PVC containing a known reinforcing agent, such as glass fibres for example, in particular long, chopped and randomly distributed glass fibres, is particularly preferred for the composition of the sheets (F). A curved segment of particularly high ring stiffness is obtained when the polymer (PI) used in the composition of its central layer (P) is PVC and the polymer (P2) used in the composition of the sheets (F) is PVC to which glass fibres have been added.

It is also particularly advantageous for the nature of each of the

constituents of the curved segment according to the invention to be judiciously chosen for the purpose of enabling it to be recycled and reused. Hence, curved segments for which all the components (central layer(s) (P) and sheets (F)) are based on the same polymer, (i.e. mainly composed of the same polymer) or on compatible polymers, are preferred.

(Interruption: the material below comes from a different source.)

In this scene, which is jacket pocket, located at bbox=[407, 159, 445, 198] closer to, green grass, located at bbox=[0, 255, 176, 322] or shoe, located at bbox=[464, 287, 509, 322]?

The sheets (F) covering each outer face of the central layer (P) of the curved segment according to the invention are preferably identical in thickness and in composition. If this is not the case, their thicknesses are preferably chosen so that they have comparable flexural and tensile stiffness and similar coefficients of linear expansion in the transverse and longitudinal directions.

Curved segments comprising several central layers (P) based on a thermoplastic polymer (PI), these layers (P) then being identical or different in thickness and in composition, also fall within the scope of the invention. Curved segments comprising more than one sheet (F) on each of the outer faces of the central layer (P) also fall within the scope of the invention.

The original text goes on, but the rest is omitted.